Автор книги: Лев Вершинин
Жанр: Документальная литература, Публицистика
Возрастные ограничения: +16
сообщить о неприемлемом содержимом
Текущая страница: 7 (всего у книги 24 страниц) [доступный отрывок для чтения: 8 страниц]
Были, однако, и проблемы. Такое положение дел «кабальным», ясен пень, совершенно не нравилось. Они все-таки выросли в Европе, где какие-то, пусть самые минимальные права имели, при слишком сильном нажиме могли и в морду дать, а кто не связан семьей, – семь бед, один ответ, – и уйти в бега. Благо в «Новой Англии», где индейцев уже почти унасекомили, за околицами городов начинался закон-тайга, а если везло пройти через леса к западному фронтиру, беглец мог добраться до поселков «скваттеров» – белой бедноты, явочным порядком занявшей земли, формально принадлежавшие лендлордам, и осесть там. А оттуда, как с Дона, выдачи не было: тяжелые, темные мужики с мушкетами за свои делянки, своими руками очищенные в глубине лесов, и свои хижины умели стоять так, что в их края не совались ни холопы формальных владельцев, ни даже представители официальных властей. Ибо кто совался, бесследно исчезал, и все претензии предлагалось предъявлять гризли, а местный пастор всегда мог подтвердить, что именно гризли, и никому больше. Впрочем, и в южных колониях сложностей с «кабальными» было не меньше. Там, правда, бежали редко – индейцы же под боком, – но рабочие руки там требовались, в основном для тяжелой работы на плантациях индиго и «короля Табака», а европейские крестьяне в сверхвлажном климате выживали плохо, контрактовать их для аристократии Юга становилось крайне нерентабельно. И попытки возместить убыль за счет местных кадров, ловя индейцев, тоже проваливались: они в неволе просто мерли, а к тому же на выручку часто являлись свободные родичи.
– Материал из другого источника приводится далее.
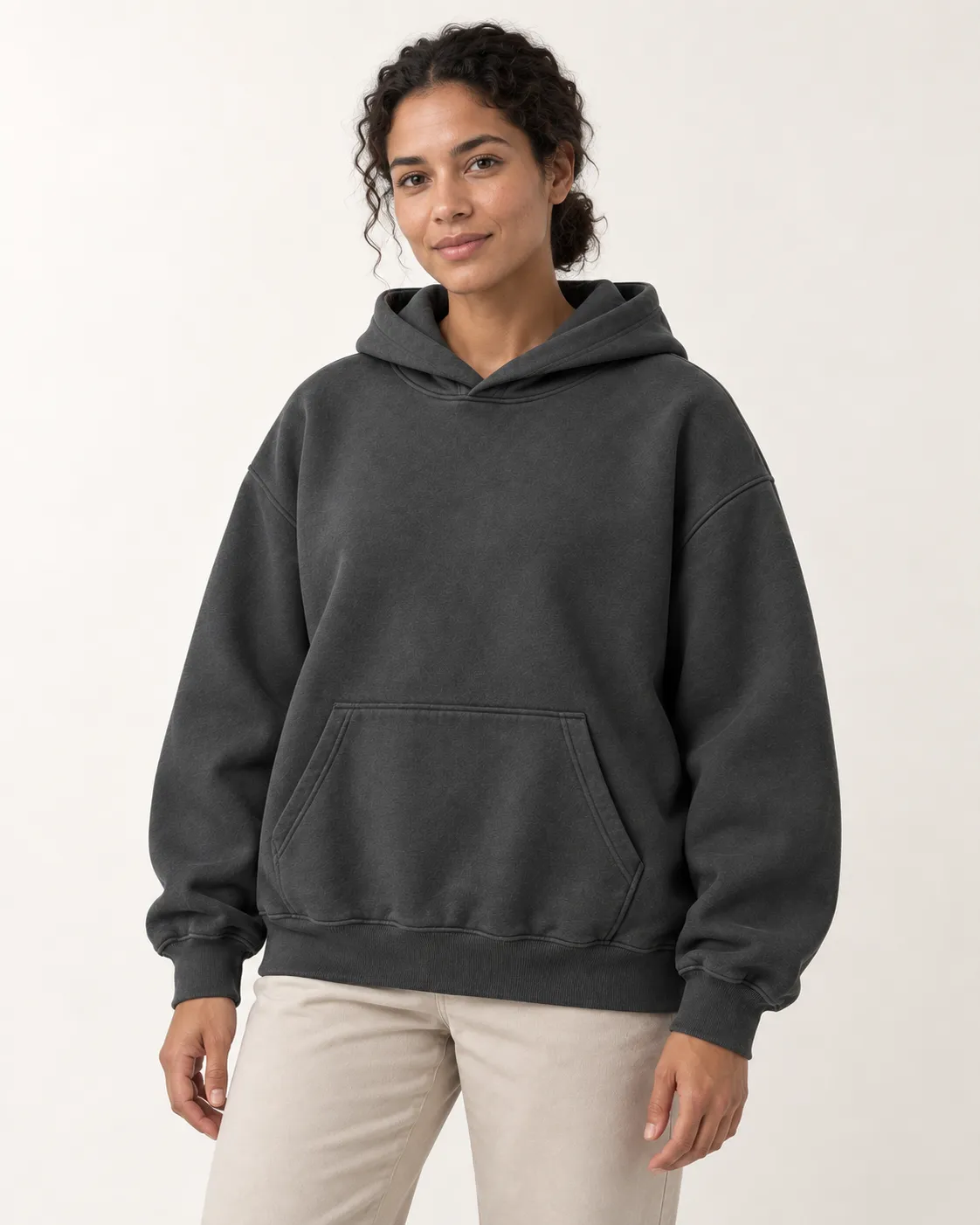 Front view of a model wearing a charcoal pullover hoodie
Вот потому и негры. Приметная, чужая всем, привычная к влажному климату и работе на земле, да еще и восполняющая себя, если подойти к делу с умом и организовать регулярные случки, полная собственность. Плюс зачастую проданная из африканского рабства (на Черном континенте оно было очень даже в ходу) в американское, то есть сменившая шило на мыло, а потому куда более прочих покорная. Не знаю (узнать можно, но лень), кому первому в голову пришла эта блестящая мысль, но в жизнь она внедрялась галопом, очень быстро став одним из основополагающих факторов европейской, – пожалуй даже, мировой – экономики. С кредитами, компаниями, акционерными обществами, процентами от прибыли в самые верха Лондона. Что и понятно: при всем том, что негры при перевозке мерли десятками на сотню, – в море уходило в среднем до трети груза, – бизнес давал ошеломительные доходы, иногда, в особо удачные сезоны, до 1000 % чистой прибыли. Да и на плантациях – от рассвета до заката – затраты окупались и переокупались. А потому уже к началу XVIII века в инфраструктуре работорговли были заняты сотни судов, тысячи и десятки тысяч профессионалов на трех континентах, включая Африку, где береговые вожди, поймав тенденцию, формировали целые армии для походов за ценнейшим товаром в глубь континента. Росла сеть факторий и прикрывающих фактории портов со всем, чем положено: казармами, бараками, тюрьмами и прочей атрибутикой. В геометрической прогрессии множилось число узких специалистов: посредников, переговорщиков, торговых агентов, надсмотрщиков, «погонщиков», «негроловов» и прочего квалифицированного персонала.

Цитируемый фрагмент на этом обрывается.